Good lessons for body, mind and spirit

August 17, 2007|By LISA PREJEAN

"You're not the boss. I am."

When I heard a father say that to his toddler son recently, I had to smile. Most of us have been in his shoes.

From a very early age, children test the boundaries that have been set for them. They want to lead, not follow. They're not ready to be in control, even though they'd like us to believe otherwise.

Seasoned parents know how to use this desire in a positive way by releasing the reins slowly, giving children simple choices and responsibilities that are age-appropriate.


Children especially like making decisions involving their own bodies. They want to decide what to wear, what to eat, what to play.

Helping them make the right choices can keep them healthy. Parents can equip children with the ability to make some decisions on their own, says Dr. Timothy Culbert, a behavioral and developmental pediatrician with training in biofeedback and holistic medicine.

Studies show that increasing numbers of families are turning to natural remedies first to treat health problems in children, says Culbert, co-author of the new "Be the Boss of Your Body," series of books for children ages 7 to 12.

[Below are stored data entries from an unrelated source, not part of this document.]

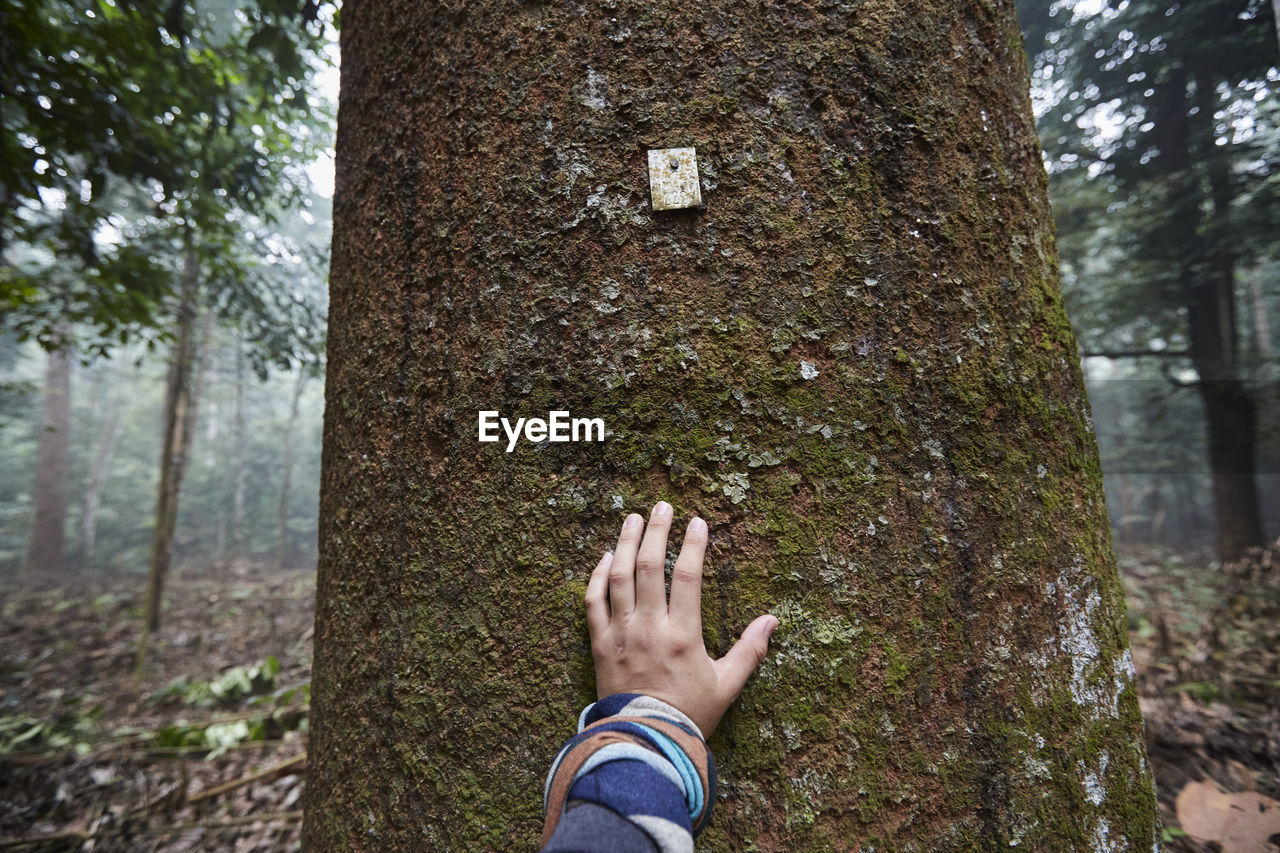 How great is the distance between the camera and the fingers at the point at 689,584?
2.82 feet

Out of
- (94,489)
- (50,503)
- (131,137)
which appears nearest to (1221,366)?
(131,137)

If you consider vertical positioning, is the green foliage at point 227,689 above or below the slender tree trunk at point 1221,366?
below

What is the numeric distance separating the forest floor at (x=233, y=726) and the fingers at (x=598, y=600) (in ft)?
9.50

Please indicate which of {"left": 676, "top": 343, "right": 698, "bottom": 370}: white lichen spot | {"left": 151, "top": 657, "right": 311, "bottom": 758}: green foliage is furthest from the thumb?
{"left": 151, "top": 657, "right": 311, "bottom": 758}: green foliage

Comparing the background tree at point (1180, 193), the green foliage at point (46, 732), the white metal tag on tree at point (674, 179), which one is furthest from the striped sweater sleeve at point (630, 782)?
the background tree at point (1180, 193)

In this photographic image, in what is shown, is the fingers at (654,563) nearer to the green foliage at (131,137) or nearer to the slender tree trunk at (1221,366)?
the green foliage at (131,137)

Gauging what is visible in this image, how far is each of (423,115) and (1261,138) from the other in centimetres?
916

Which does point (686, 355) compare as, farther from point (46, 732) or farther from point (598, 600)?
point (46, 732)

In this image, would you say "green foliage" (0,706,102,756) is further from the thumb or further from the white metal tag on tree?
the white metal tag on tree

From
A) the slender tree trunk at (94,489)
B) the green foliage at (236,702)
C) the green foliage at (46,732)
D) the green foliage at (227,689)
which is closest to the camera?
the green foliage at (236,702)

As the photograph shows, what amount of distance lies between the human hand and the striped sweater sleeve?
28 mm

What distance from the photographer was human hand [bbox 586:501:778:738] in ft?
2.73

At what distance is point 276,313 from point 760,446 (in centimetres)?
788

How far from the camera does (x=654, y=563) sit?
2.84 ft
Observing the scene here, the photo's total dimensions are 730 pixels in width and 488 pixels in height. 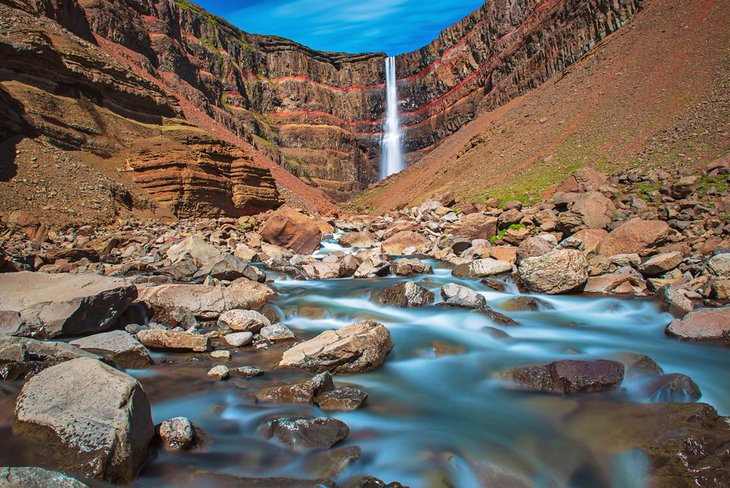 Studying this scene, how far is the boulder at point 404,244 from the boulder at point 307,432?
11.8 m

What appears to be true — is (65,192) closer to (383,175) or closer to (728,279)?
(728,279)

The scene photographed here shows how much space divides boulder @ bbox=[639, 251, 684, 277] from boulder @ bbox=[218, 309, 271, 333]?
847 cm

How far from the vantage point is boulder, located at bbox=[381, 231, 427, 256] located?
16016 millimetres

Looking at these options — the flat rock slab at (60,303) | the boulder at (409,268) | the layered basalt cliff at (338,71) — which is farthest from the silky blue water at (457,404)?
the layered basalt cliff at (338,71)

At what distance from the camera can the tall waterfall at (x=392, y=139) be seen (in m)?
72.0

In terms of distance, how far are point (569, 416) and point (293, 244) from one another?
12.2 m

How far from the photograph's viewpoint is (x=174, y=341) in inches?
237

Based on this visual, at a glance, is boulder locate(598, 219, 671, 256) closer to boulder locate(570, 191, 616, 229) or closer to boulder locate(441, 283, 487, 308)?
boulder locate(570, 191, 616, 229)

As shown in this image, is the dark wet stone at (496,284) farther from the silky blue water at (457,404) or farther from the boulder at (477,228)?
the boulder at (477,228)

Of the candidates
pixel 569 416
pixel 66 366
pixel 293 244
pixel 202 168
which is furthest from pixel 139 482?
pixel 202 168

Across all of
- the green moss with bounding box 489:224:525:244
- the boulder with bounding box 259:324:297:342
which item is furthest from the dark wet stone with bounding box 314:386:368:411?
the green moss with bounding box 489:224:525:244

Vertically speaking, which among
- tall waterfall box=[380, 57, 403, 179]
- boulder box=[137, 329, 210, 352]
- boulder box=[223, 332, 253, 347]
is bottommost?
boulder box=[223, 332, 253, 347]

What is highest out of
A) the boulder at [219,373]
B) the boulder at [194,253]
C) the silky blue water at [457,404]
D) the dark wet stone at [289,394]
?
the boulder at [194,253]

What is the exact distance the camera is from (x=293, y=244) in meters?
15.6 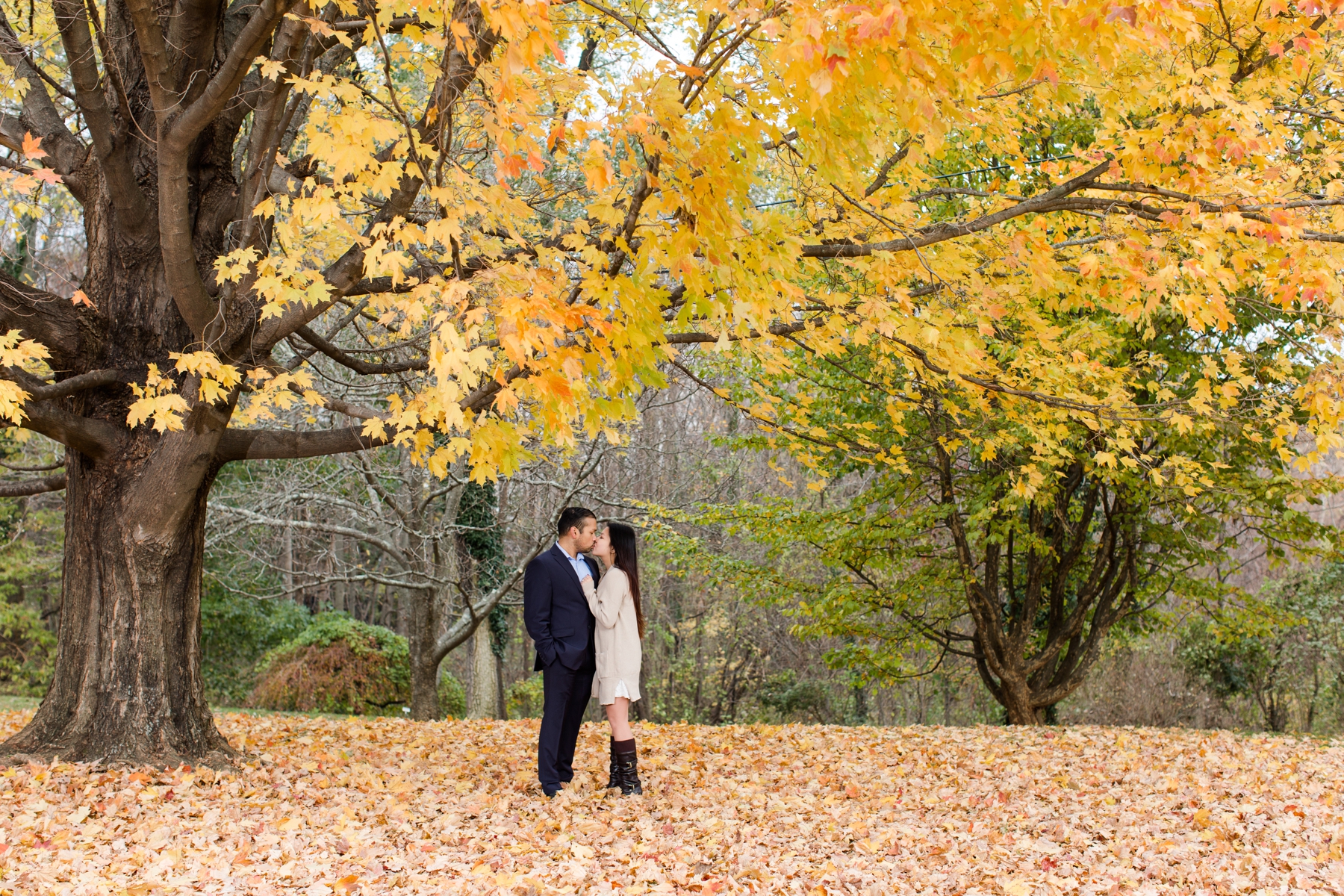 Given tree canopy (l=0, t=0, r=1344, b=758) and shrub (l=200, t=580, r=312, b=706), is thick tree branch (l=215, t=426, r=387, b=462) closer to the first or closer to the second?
tree canopy (l=0, t=0, r=1344, b=758)

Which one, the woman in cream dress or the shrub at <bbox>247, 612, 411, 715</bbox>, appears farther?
the shrub at <bbox>247, 612, 411, 715</bbox>

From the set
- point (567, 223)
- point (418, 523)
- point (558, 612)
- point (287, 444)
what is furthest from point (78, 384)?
point (418, 523)

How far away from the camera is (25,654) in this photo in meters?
17.0

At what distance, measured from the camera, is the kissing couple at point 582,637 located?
17.3 ft

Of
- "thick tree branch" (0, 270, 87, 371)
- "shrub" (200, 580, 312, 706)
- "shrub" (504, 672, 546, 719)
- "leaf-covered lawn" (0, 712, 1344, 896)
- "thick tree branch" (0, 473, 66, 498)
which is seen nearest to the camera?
"leaf-covered lawn" (0, 712, 1344, 896)

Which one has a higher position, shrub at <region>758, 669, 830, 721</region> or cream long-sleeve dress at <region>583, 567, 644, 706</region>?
cream long-sleeve dress at <region>583, 567, 644, 706</region>

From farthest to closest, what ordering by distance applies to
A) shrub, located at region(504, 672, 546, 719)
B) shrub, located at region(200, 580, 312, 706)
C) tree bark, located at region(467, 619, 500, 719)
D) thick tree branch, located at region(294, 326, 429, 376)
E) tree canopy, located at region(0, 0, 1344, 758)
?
1. shrub, located at region(504, 672, 546, 719)
2. shrub, located at region(200, 580, 312, 706)
3. tree bark, located at region(467, 619, 500, 719)
4. thick tree branch, located at region(294, 326, 429, 376)
5. tree canopy, located at region(0, 0, 1344, 758)

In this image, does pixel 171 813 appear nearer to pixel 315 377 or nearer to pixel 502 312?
pixel 502 312

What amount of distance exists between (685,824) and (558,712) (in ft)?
3.21

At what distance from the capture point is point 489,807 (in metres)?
4.97

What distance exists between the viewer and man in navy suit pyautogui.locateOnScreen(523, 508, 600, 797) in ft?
17.3

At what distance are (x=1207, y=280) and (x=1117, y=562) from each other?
635 centimetres

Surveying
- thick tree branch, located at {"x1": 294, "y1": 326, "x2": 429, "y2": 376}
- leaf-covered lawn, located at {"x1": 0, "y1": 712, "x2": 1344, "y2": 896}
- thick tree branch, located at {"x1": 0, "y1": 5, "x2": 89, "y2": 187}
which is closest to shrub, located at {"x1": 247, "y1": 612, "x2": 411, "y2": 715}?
leaf-covered lawn, located at {"x1": 0, "y1": 712, "x2": 1344, "y2": 896}

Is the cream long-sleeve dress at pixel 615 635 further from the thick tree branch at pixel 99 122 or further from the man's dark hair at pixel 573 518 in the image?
the thick tree branch at pixel 99 122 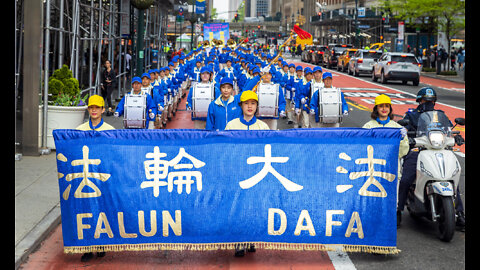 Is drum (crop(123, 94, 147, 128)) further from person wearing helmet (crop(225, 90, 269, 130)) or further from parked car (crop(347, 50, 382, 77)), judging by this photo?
parked car (crop(347, 50, 382, 77))

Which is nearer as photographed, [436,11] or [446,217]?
[446,217]

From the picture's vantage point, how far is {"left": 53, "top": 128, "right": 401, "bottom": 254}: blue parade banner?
21.6ft

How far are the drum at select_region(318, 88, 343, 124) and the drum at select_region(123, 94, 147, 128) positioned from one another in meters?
3.52

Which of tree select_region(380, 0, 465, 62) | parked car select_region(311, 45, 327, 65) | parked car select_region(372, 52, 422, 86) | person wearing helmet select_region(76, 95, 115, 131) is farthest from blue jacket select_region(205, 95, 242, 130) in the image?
parked car select_region(311, 45, 327, 65)

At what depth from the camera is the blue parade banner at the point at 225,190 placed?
21.6 ft

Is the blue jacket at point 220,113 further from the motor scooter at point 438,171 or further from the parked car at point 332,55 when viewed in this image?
the parked car at point 332,55

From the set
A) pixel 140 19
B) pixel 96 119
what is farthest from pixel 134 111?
pixel 140 19

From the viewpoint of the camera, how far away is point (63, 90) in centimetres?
1391

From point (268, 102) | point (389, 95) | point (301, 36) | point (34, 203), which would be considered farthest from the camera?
point (389, 95)

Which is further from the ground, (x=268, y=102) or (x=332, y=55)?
(x=332, y=55)

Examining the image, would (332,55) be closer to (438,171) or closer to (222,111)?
(222,111)

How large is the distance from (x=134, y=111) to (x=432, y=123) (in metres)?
6.44

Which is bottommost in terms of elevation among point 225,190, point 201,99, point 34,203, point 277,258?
point 277,258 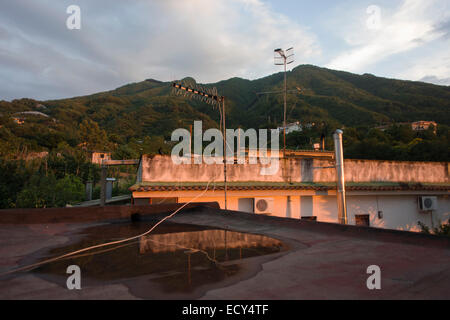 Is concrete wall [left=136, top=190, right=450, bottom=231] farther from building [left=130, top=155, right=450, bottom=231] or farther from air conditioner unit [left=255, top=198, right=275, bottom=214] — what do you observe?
air conditioner unit [left=255, top=198, right=275, bottom=214]

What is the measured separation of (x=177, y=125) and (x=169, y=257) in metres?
54.0

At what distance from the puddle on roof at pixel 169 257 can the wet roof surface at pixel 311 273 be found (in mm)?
109

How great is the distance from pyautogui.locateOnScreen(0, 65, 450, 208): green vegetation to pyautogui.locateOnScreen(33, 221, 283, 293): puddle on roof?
33.1ft

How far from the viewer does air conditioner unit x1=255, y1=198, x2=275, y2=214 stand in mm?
11992

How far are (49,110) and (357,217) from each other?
87.1 metres

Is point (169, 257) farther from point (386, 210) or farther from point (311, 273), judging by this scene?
point (386, 210)

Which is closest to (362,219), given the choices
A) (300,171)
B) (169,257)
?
(300,171)

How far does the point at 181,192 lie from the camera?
439 inches

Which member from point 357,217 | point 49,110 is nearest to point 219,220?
point 357,217

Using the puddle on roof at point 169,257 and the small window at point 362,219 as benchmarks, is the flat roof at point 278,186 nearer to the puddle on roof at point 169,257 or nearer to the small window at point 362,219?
the small window at point 362,219

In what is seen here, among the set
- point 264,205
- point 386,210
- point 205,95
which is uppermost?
point 205,95

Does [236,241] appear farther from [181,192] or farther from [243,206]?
→ [243,206]

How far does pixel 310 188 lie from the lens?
12.8 meters

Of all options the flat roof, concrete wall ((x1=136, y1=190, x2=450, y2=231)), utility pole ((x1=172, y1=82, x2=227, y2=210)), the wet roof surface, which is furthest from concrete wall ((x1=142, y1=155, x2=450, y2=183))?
the wet roof surface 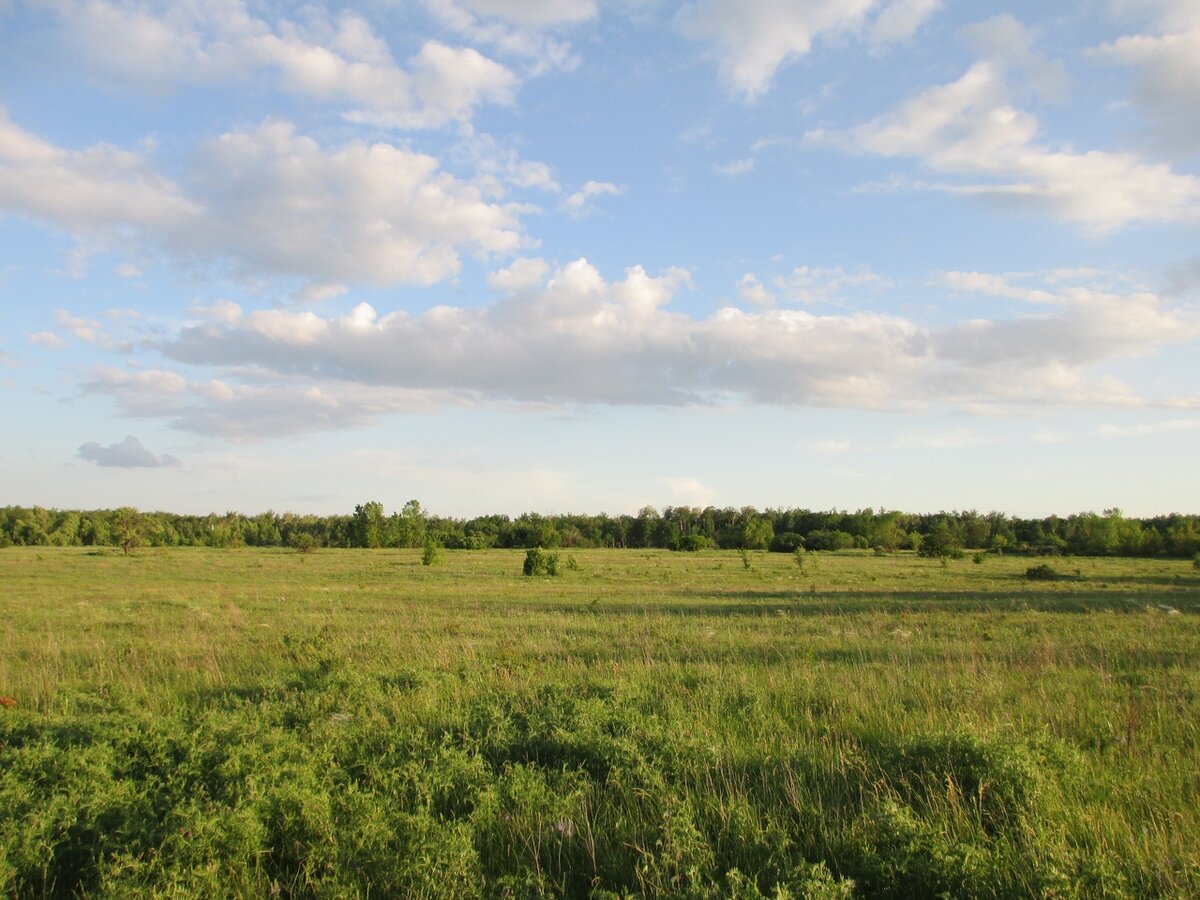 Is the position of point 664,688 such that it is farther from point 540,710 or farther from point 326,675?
point 326,675

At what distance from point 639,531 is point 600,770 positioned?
13396 cm

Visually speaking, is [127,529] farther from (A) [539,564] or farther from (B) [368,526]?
(A) [539,564]

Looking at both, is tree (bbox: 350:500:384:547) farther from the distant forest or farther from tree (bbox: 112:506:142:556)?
tree (bbox: 112:506:142:556)

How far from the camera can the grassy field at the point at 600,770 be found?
13.4 ft

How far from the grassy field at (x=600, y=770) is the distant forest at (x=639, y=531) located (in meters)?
69.9

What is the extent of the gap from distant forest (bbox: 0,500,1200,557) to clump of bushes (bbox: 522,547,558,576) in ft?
125

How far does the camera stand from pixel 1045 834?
422cm

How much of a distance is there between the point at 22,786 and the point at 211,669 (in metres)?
5.71

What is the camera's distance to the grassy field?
4098 mm

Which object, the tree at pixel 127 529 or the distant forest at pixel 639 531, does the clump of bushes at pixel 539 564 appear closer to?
the distant forest at pixel 639 531

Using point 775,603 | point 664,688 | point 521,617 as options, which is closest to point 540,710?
point 664,688

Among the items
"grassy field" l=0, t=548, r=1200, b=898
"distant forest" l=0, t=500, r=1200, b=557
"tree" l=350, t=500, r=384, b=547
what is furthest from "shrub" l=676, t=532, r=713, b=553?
"grassy field" l=0, t=548, r=1200, b=898

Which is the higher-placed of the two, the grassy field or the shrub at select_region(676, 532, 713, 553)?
the grassy field

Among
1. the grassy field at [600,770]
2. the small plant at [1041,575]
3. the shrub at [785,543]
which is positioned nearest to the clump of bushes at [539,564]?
the small plant at [1041,575] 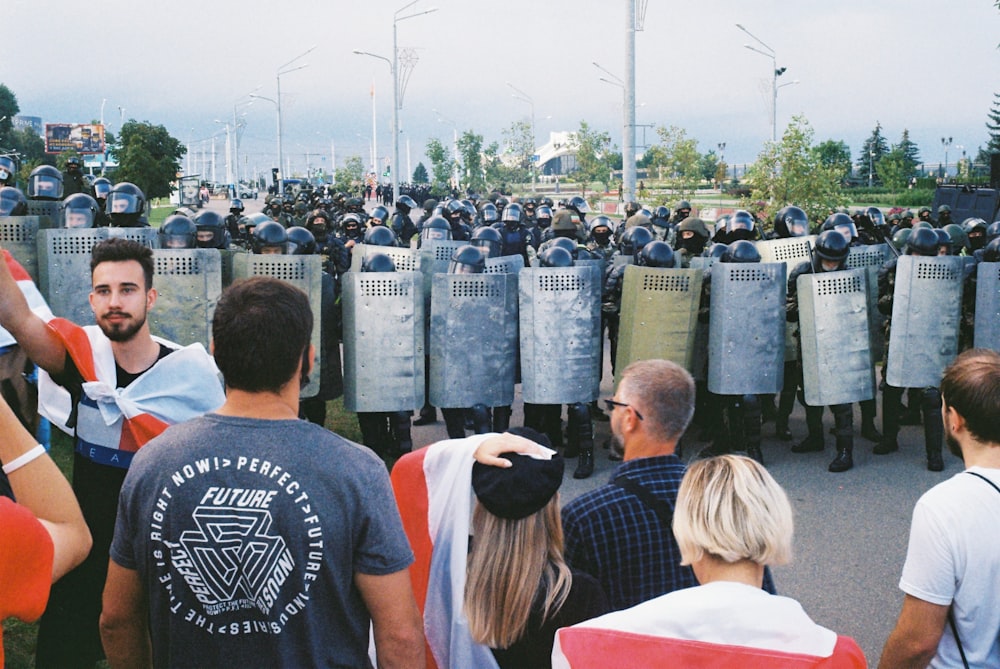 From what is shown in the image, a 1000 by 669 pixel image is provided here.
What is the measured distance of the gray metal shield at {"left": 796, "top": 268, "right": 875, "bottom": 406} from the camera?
863 cm

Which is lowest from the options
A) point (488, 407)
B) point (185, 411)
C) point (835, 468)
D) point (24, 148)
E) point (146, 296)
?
point (835, 468)

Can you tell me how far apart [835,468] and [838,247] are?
1.90m

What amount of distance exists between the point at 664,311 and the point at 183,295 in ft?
12.7

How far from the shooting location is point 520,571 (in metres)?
2.74

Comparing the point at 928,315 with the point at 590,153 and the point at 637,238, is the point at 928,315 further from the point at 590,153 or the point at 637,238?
the point at 590,153

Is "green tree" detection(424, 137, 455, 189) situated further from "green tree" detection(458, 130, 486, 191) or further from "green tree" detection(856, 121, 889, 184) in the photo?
"green tree" detection(856, 121, 889, 184)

Culbert and his co-author, nurse practitioner Rebecca Kajander, encourage children and their parents to view health in terms of body, mind and spirit.

Children feel their best when all three are in balance, Culbert and Kajander explain in the beginning of each book.

Their books focus on self-care for kids in three areas: "Be the Boss of Your Sleep," "Be the Boss of Your Pain" and "Be the Boss of Your Stress."


With school just around the corner, it is especially important for children to be getting enough sleep.

If your child is having trouble falling asleep, staying asleep or getting enough sleep, Culbert has a few recommendations:

1. "Always do the same thing, every night, in the same order."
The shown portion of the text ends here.